Supplied information
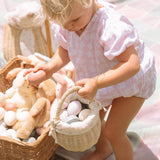 A child collecting eggs from a colourful blanket and into the Olli Ella Rattan Berry Basket with Lining – Pansy Floral.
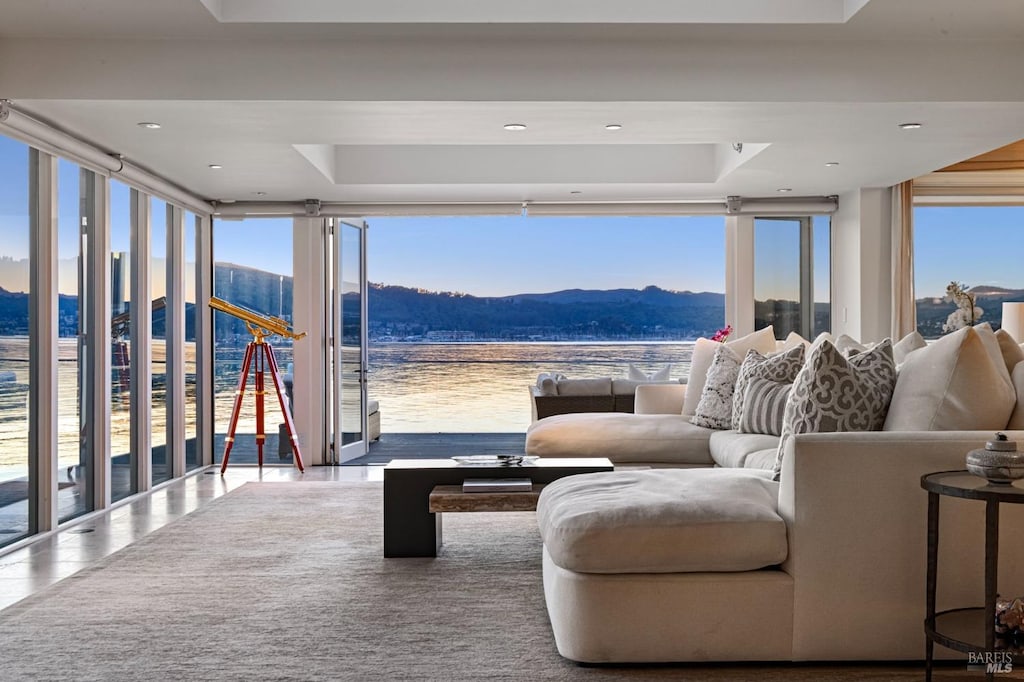 tiled living room featuring floor to ceiling windows, a water and mountain view, and a healthy amount of sunlight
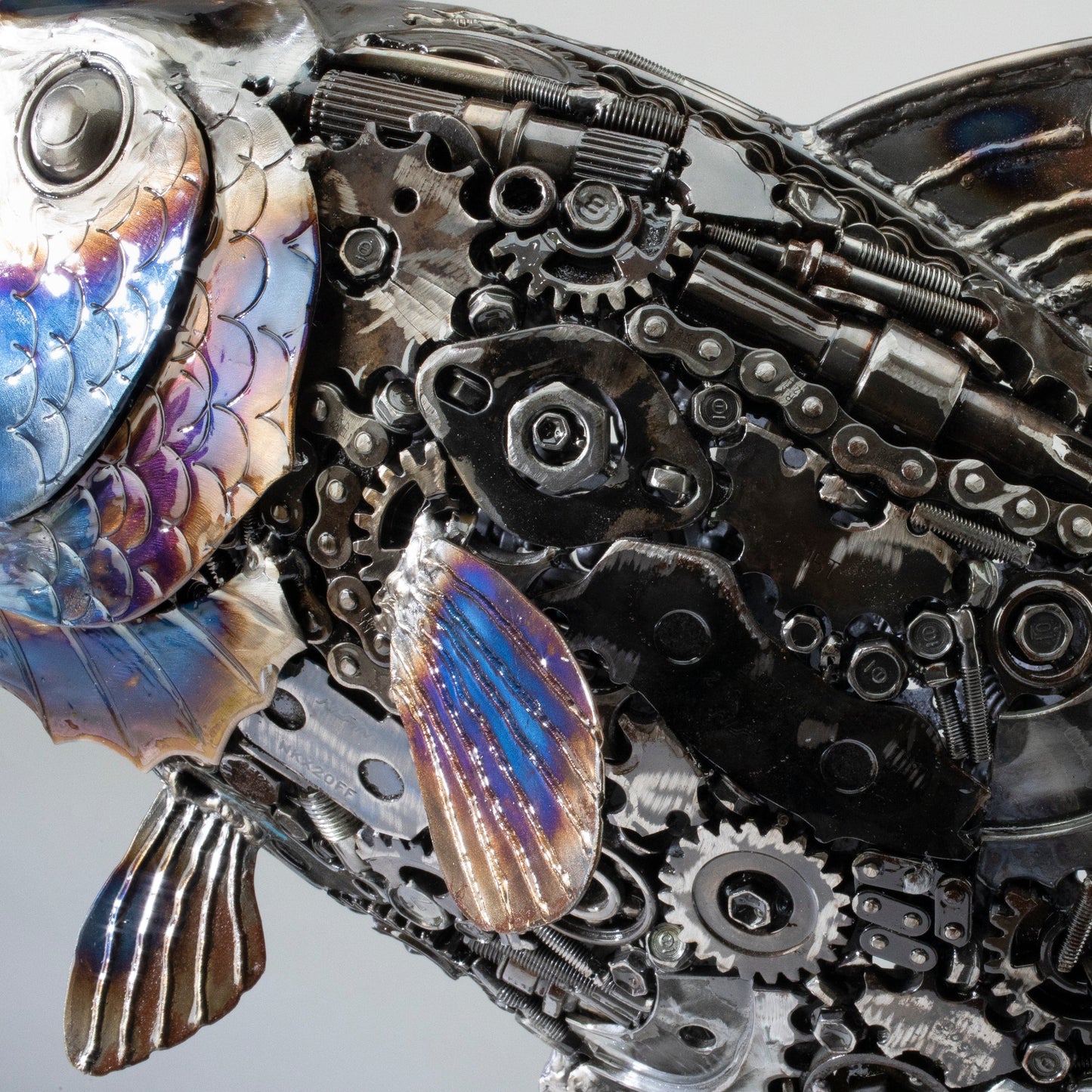 Koi fish metal sculpture angle view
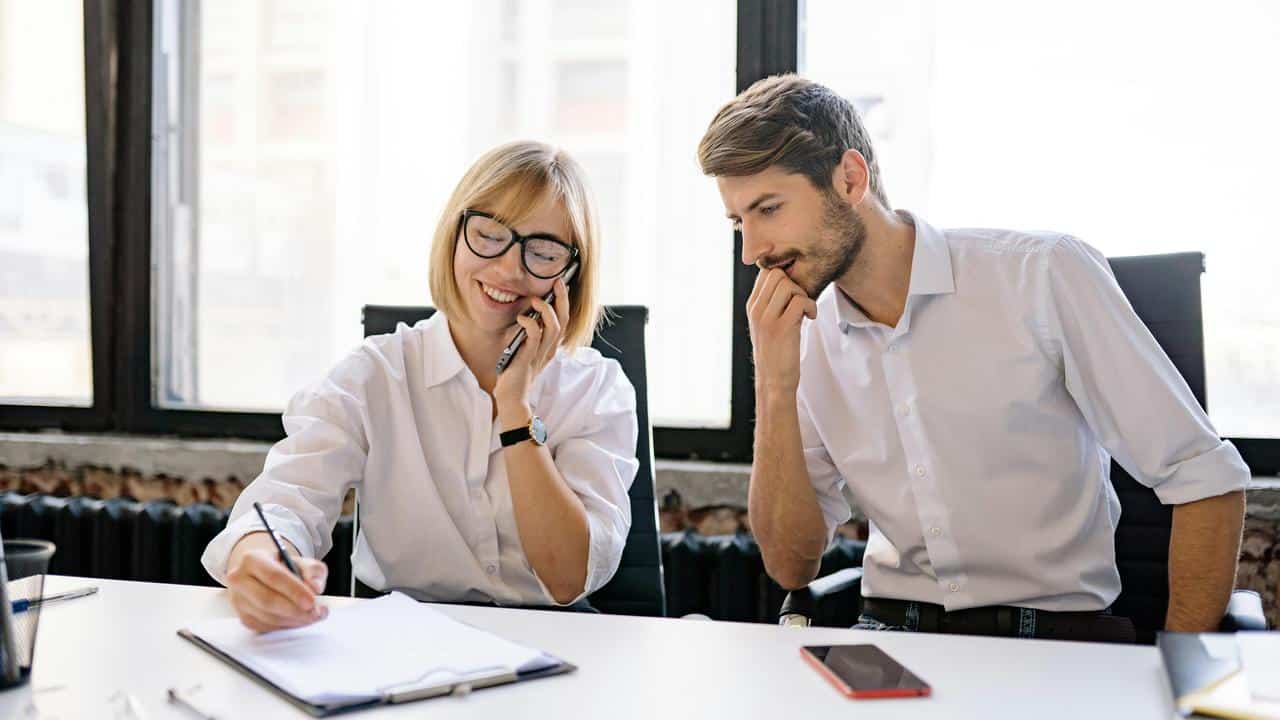 A woman on the phone writing notes while a man watches.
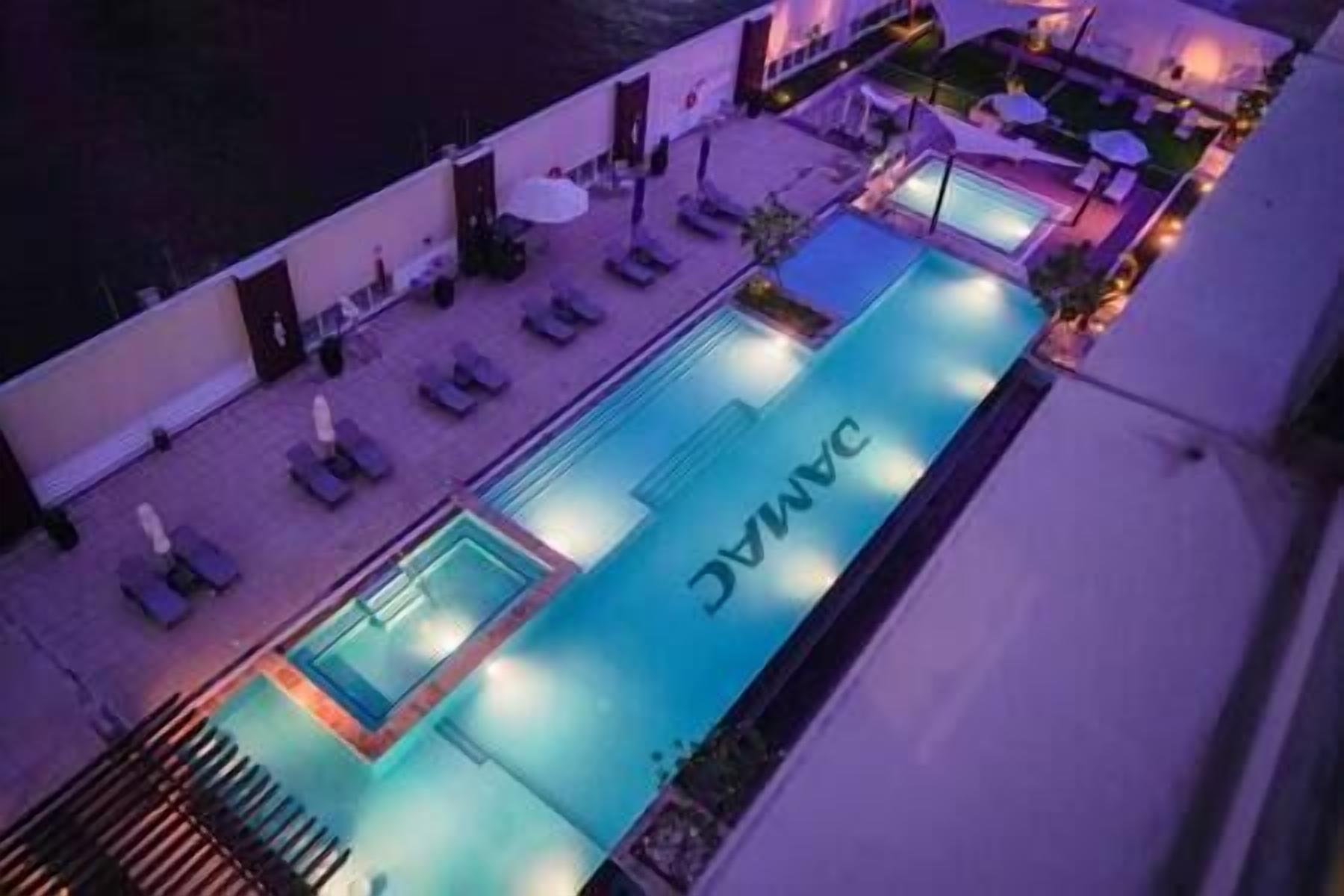 A pool area with lounge chairs and umbrellas, a sign reading "DANAC", and a view of the water.
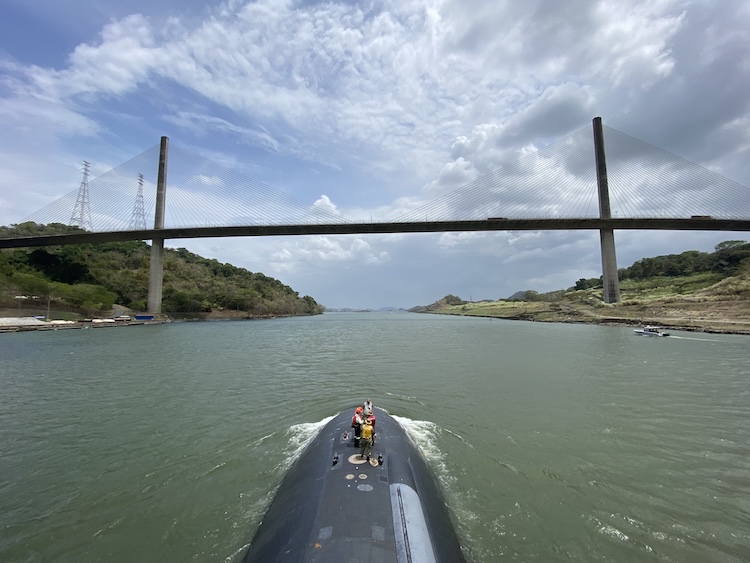 navy submarine above water going under a bridge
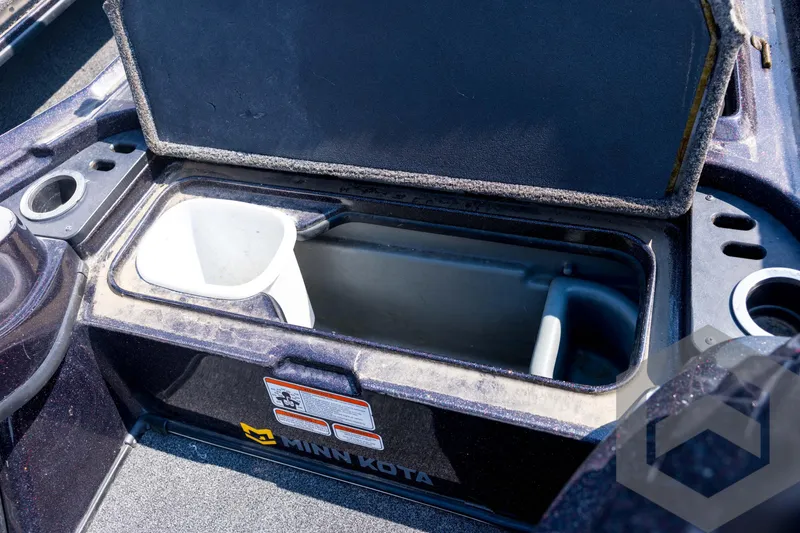 Slide: The Image of Open storage compartment in 2020 Nitro Z21 boat with Minn Kota branding. - 42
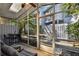 Enclosed porch featuring lots of space, ceiling fan and lighting at 2515 S Ysabella Ave, Tampa, FL 33629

Work task
Give back exactly, and solely, the section of the data above bounded by the line containing "tiled living room" and the line containing "A pool area", both bounding lines included and pictures omitted.

Final answer
 tiled living room featuring floor to ceiling windows, a water and mountain view, and a healthy amount of sunlight
 Koi fish metal sculpture angle view
 A woman on the phone writing notes while a man watches.
 A pool area with lounge chairs and umbrellas, a sign reading "DANAC", and a view of the water.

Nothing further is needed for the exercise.